In 1976, midwife Ina May Gaskin published Spiritual Midwifery, with other editions published in 1980, 1990, and 2003. Spiritual Midwifery is a book about pregnancy, birth, and postpartum, or the time period after birth. During the 1970s, it was common for women to receive an epidural, a medication that reduces pain during labor, and for physicians to monitor a fetus’s heartbeat while separating women from their infants after birth. However, according to Gaskin, some women wanted to give birth outside of the hospital without medical interventions. Spiritual Midwifery is a collection of birth stories from women, information about pregnancy and giving birth, and instructions to midwives on how to care for women during childbirth and the period that followed. In Spiritual Midwifery, Gaskin introduced homebirth and midwifery to a broader audience, which helped repopularize midwifery in the US.

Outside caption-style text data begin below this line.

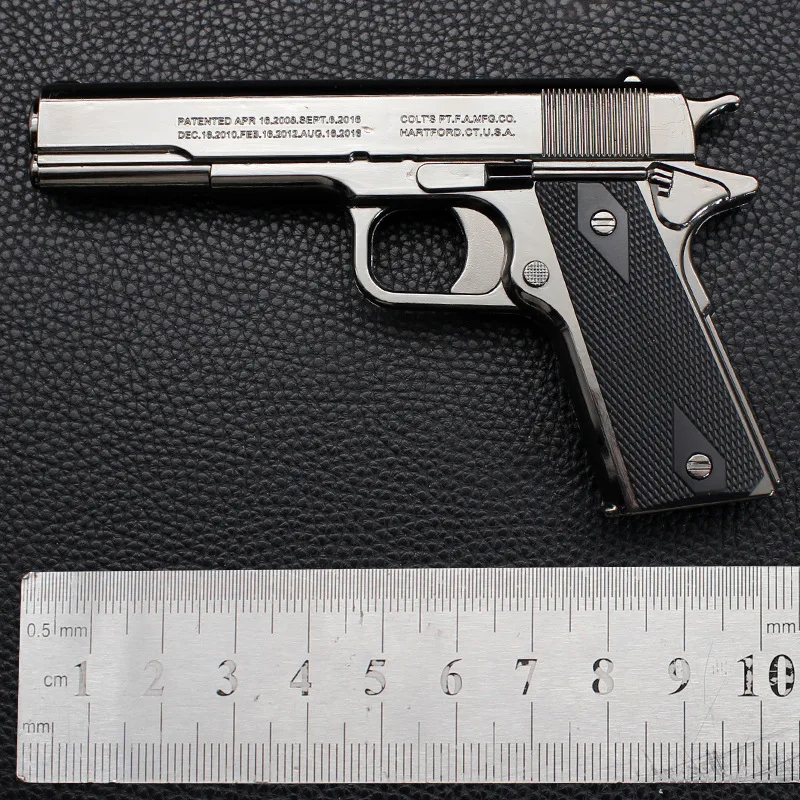 Wholesale Gas Lighter Gun 9mm Pistol Metal Body Stainless Steel Lighter Windproof Luxury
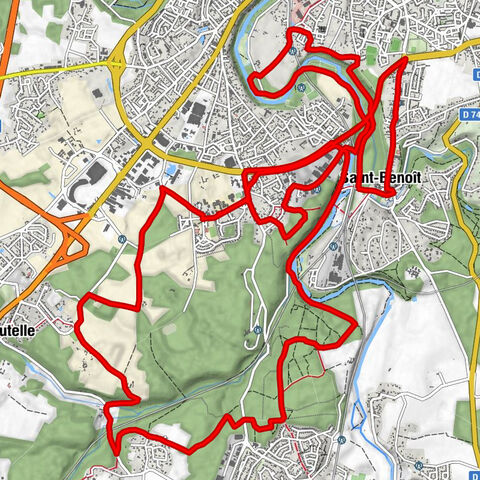 Poitiers - La Belle Aurore - Église abbatiale Saint-André - Les Cassons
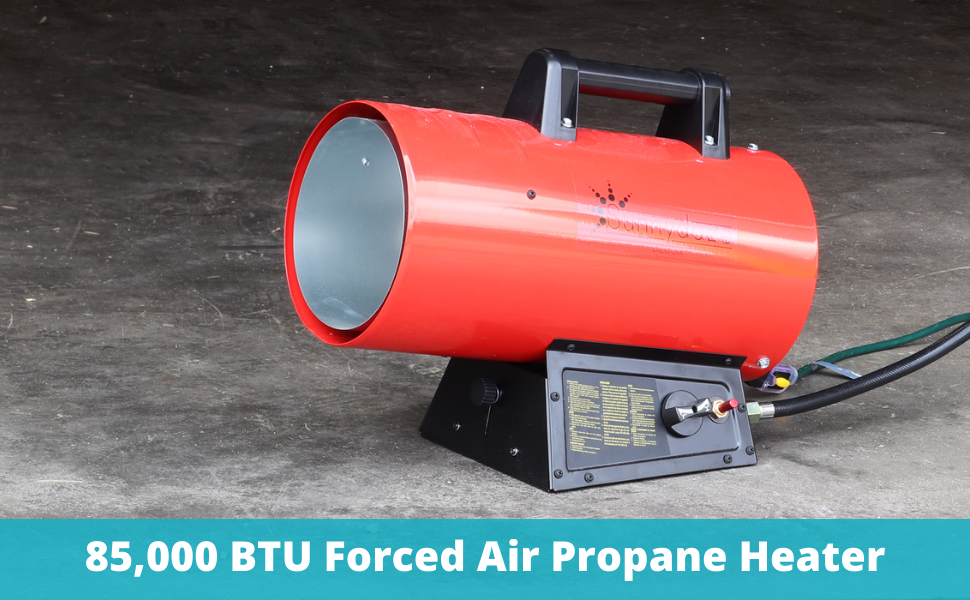 Sunnydaze 85,000 BTU Forced Air Propane Heater Portable Heat for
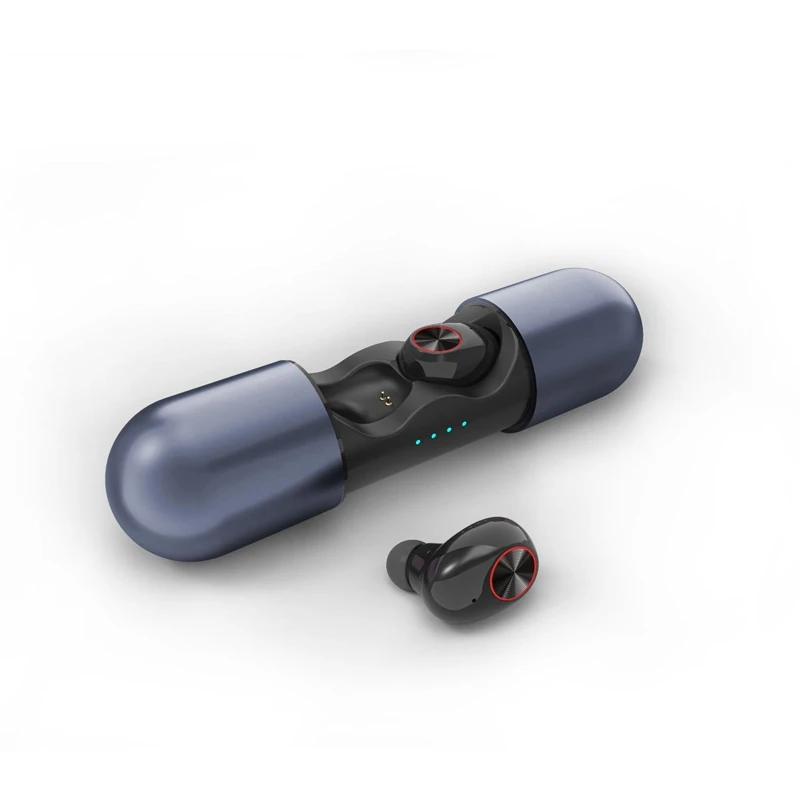Bluetooth наушники TWS Наушники Беспроводные Bluetooth 5,0 наушники стерео Bluetooth наушники с микрофоном и зарядным устройством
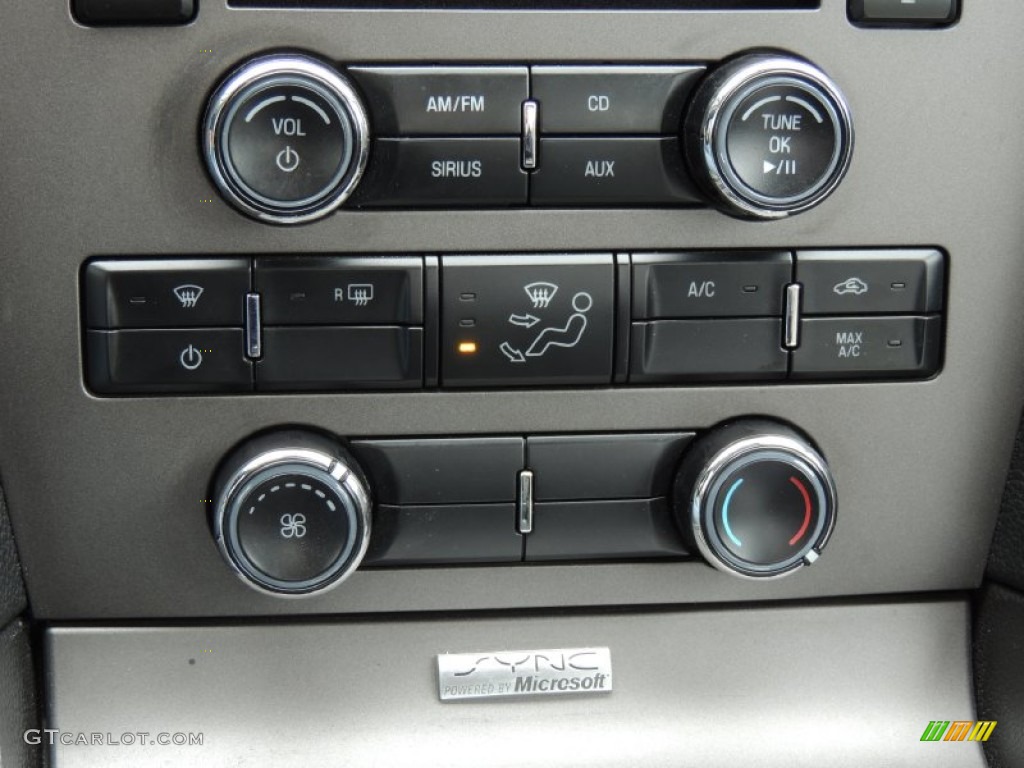 2011 Mustang V6 Premium Coupe - Kona Blue Metallic / Stone photo #18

Ina May Gaskin is a certified professional midwife, or CPM, in the US during the late twentieth and early twenty-first centuries. She worked at the Farm Midwifery Center in Summertown, Tennessee, a center well known for its low rates of intervention, which contributed to low rates of maternal and fetal mortality. One technique Gaskin used when assisting women with delivery helped resolve a complication called shoulder dystocia, which is when a part of the infant’s body is delivered, but the rest of the body is stuck in the birth canal. Her work served as an example for midwives and obstetricians, physicians who specialize in a woman’s reproductive system, childbirth, and pregnancy, to use a low-intervention approach without medication or a cesarean section. Through her work in developing different birthing techniques, Gaskin provided women with alternative ways to deliver infants without the need for hospitals, medication, or surgical intervention, even in the case of complicated births.